Quels enjeux pour la Petite Ceinture ferroviaire de Paris en cette fin d’année 2023 ? Notre association revient sur différents points ayant fait l’actualité de la ligne au cours de ces derniers mois. Dans ce 8e article, focus sur les enjeux autour de la ZAC Bercy-Charenton.
Bercy-Charenton : Baron Le Roy et Poniatowski, deux axes structurants
Au Sud-Est de Paris, la concrétisation de la ZAC Bercy-Charenton suscite de vastes débats.

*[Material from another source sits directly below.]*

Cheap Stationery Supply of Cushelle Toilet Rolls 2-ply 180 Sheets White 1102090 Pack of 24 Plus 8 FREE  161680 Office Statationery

Pour mémoire, ce vaste projet envisage la création d’un nouveau quartier de 3500 habitants et 3900 emplois autour de 2 axes structurants : le Boulevard Poniatowski et la rue Baron Le Roy prolongée.
Cette rue viendrait faire office de trait d’union entre le projet de Bercy-Charenton (côté Paris) et celui de Charenton-Bercy, situé de l’autre côté du périphérique. Et dont le permis de construire a été (re)déposé à l’été 2023.
Le projet de Bercy-Charenton se caractérise par 3 axes principaux :
- Un îlot d’immeubles d’habitation et de bureaux de 35 à 50 mètres de haut, logés dans un quadrilatère formé par le Périphérique, l’échangeur de l’A4, le Bvd Poniatowski et le faisceau des voies de la gare de Lyon/Bercy
- Un triangle formé par les deux branches Nord/Sud du raccordement de Bercy et la Petite Ceinture, qui doit devenir le « hameau ferroviaire », parc de 80 ha
- La rue Baron Le Roy prolongée, croisant la Petite Ceinture et le Bvd Poniatowski avant de plonger sous le Périphérique avec une largeur constante de 25 à 30 mètres.
Le projet de 6 tours – dont une de 180 mètres de haut, avait été abandonné suite aux élections municipales de 2020. En revanche, côté Charenton, une tour de 200 mètres de haut (!) mêlant hôtel et logements sera prochainement mise en travaux.
En outre, on note un net déséquilibre entre le « hameau ferroviaire » et l’îlot d’habitations et de bureaux, de part et d’autre du boulevard Poniatowski. Il eût sans été préférable qu’immeubles et espaces verts soient mieux répartis – et que le nombre d’immeubles soit moins élevé. Un point qui, selon la SEMAPA, aurait compromis la viabilité économique du projet.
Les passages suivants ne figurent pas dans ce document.